Record excerpts:
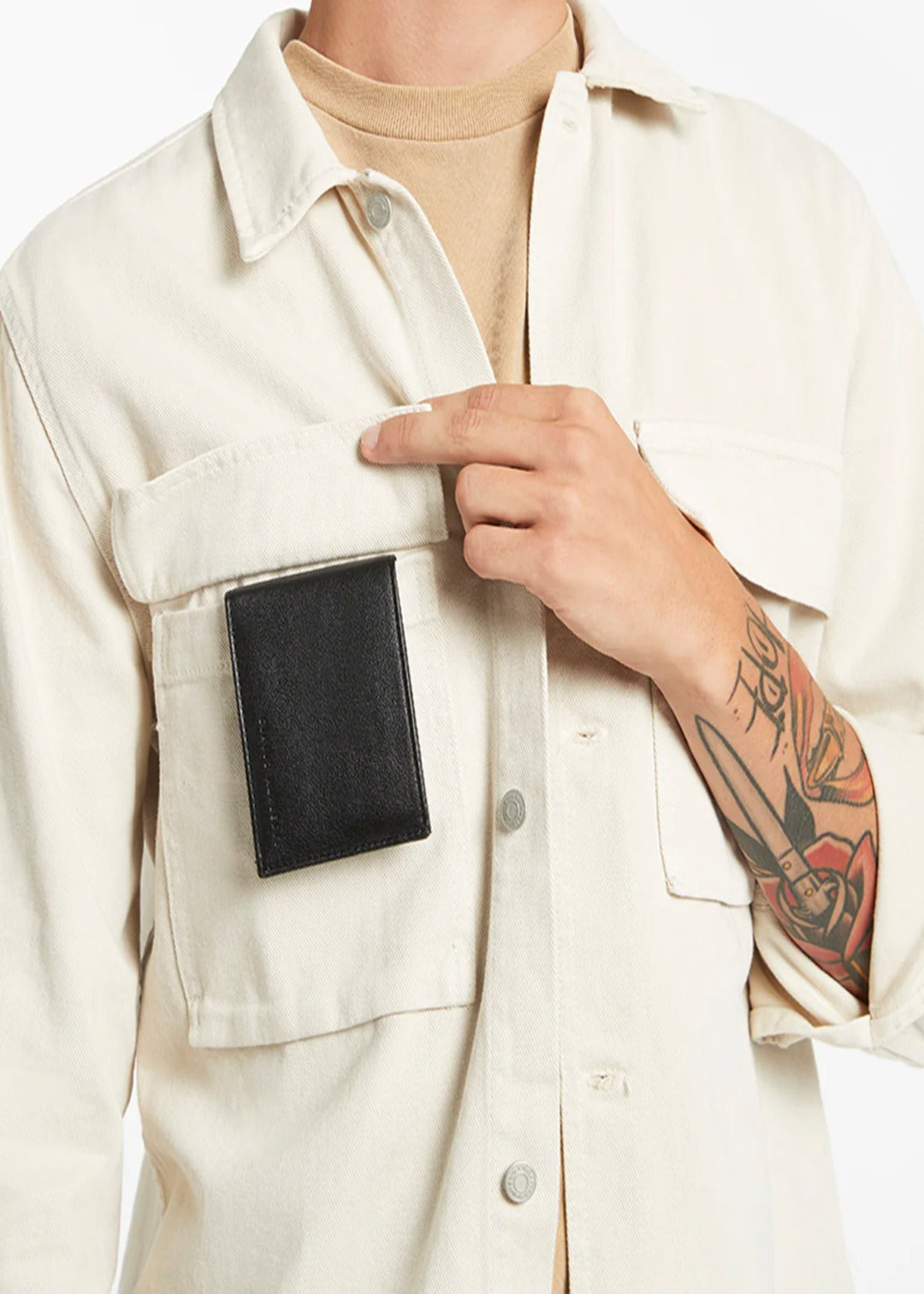 Noah Wallet - Black
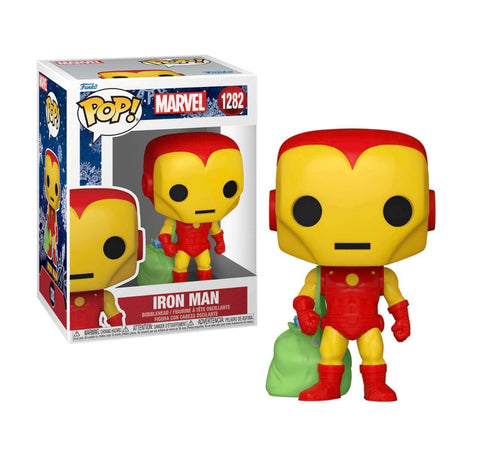 Iron Man Funko Pop! Marvel Holiday Bobblehead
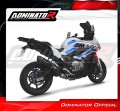 impianto di scarico completo con silenziatore DOMINATOR Full System HP6 nero EX adatto alla moto BMW M1000XR 2020 - 2026 4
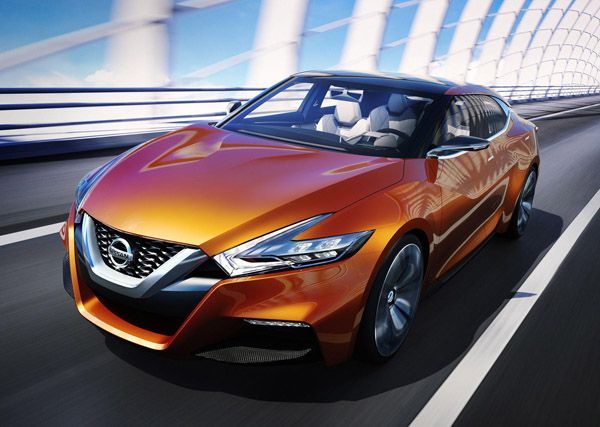 สวยเพรียว Nissan เปิดตัวรถต้นแบบ “Sport Sedan” ใหม่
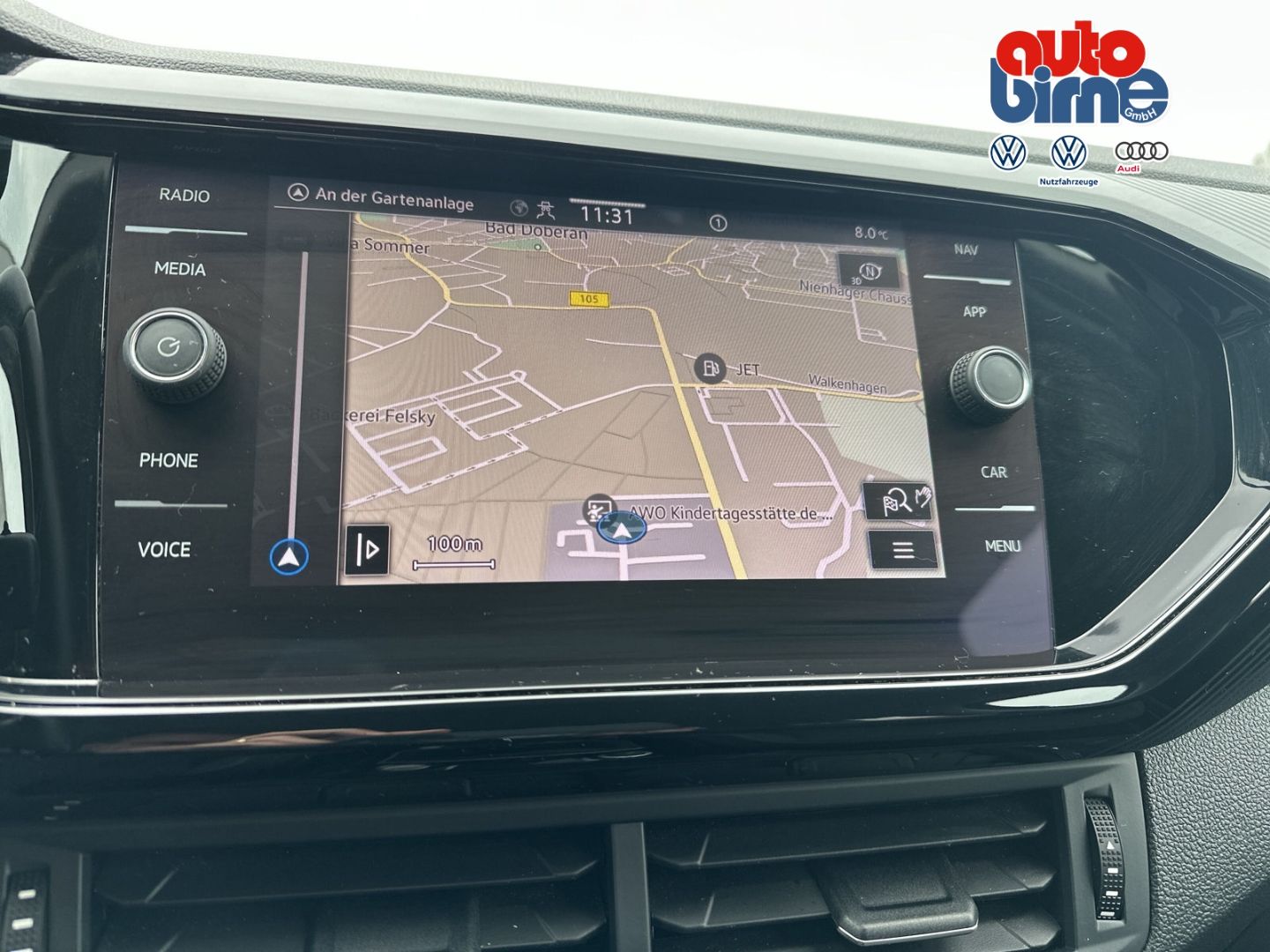 T-Cross 1.0 TSI Style DSG AHK-abnehmbar Navi Dig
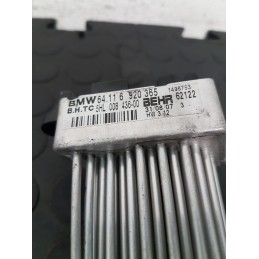 Resistenza ventola riscaldamento abitacolo Bmw X3 2.0 diesel del 2007 Cod. 64116920365  1665134833048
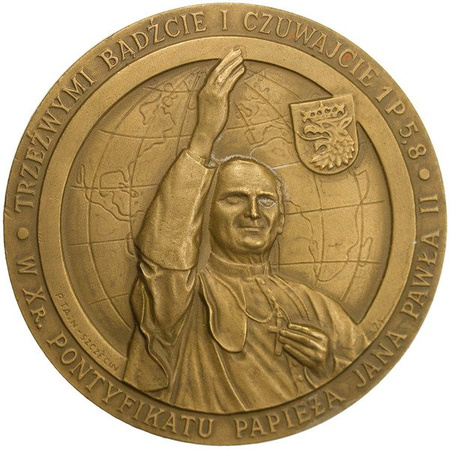 X rocznica pontyfikatu - Jan Paweł II 1988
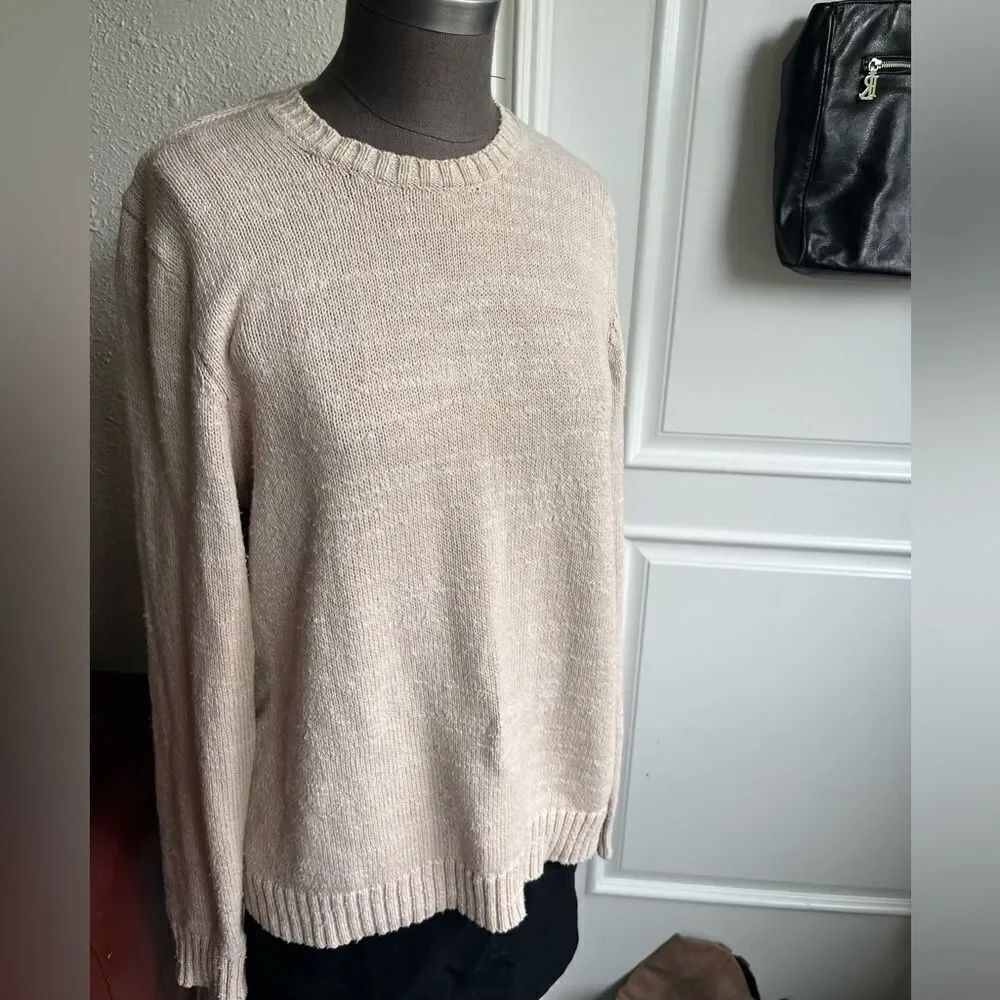 Mens cotton blue saks 5th Avenue sweater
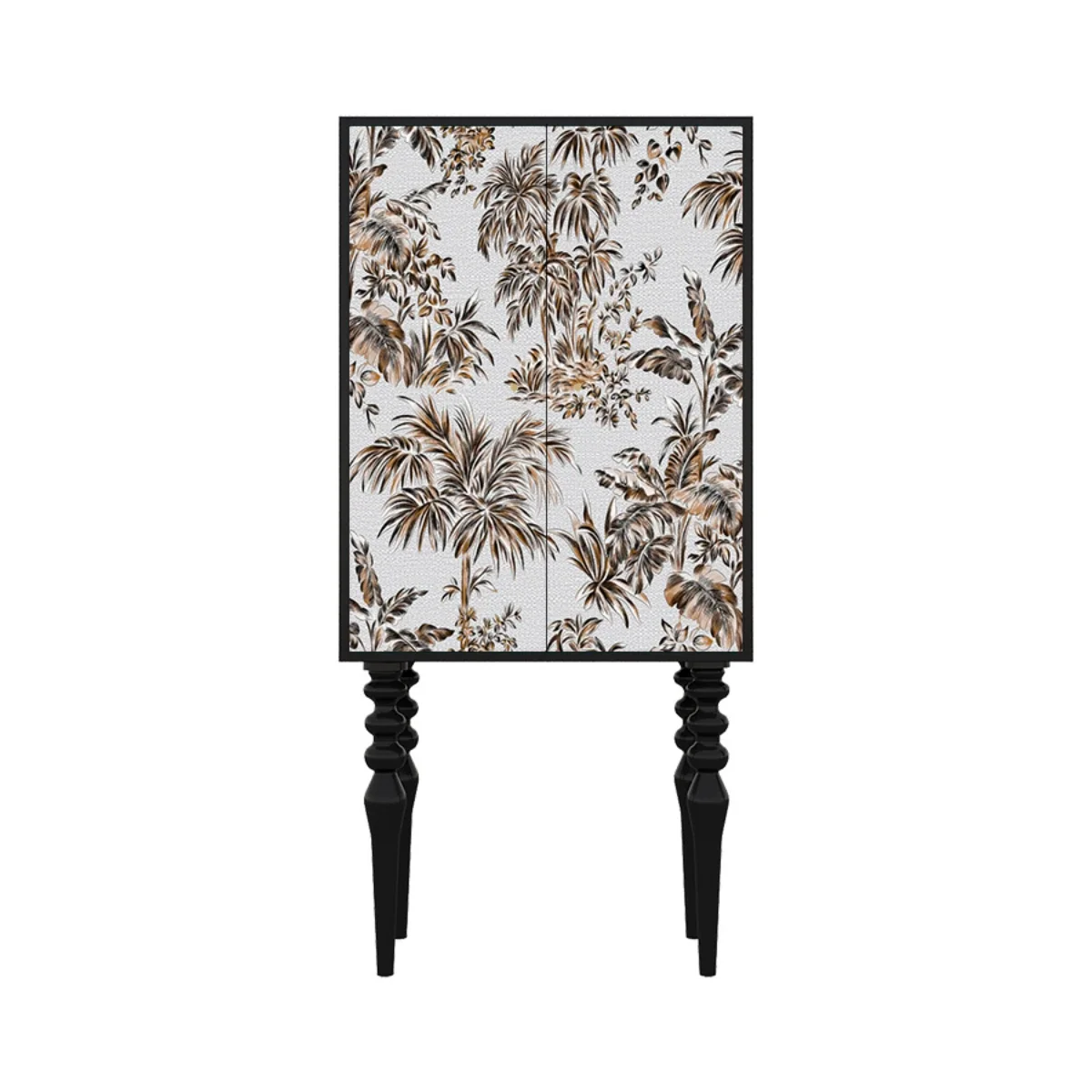 

Средневековый цветочный шкаф для хранения из цельного дерева, многофункциональный домашний шкаф для гостиной, спальни, прикроватный шкаф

Required action: Repeat the records exactly but leave out the images.

Answer to the exercise:
 Noah Wallet - Black
 Iron Man Funko Pop! Marvel Holiday Bobblehead
 impianto di scarico completo con silenziatore DOMINATOR Full System HP6 nero EX adatto alla moto BMW M1000XR 2020 - 2026 4
 สวยเพรียว Nissan เปิดตัวรถต้นแบบ “Sport Sedan” ใหม่
 T-Cross 1.0 TSI Style DSG AHK-abnehmbar Navi Dig
 Resistenza ventola riscaldamento abitacolo Bmw X3 2.0 diesel del 2007 Cod. 64116920365  1665134833048
 X rocznica pontyfikatu - Jan Paweł II 1988
 Mens cotton blue saks 5th Avenue sweater

Средневековый цветочный шкаф для хранения из цельного дерева, многофункциональный домашний шкаф для гостиной, спальни, прикроватный шкаф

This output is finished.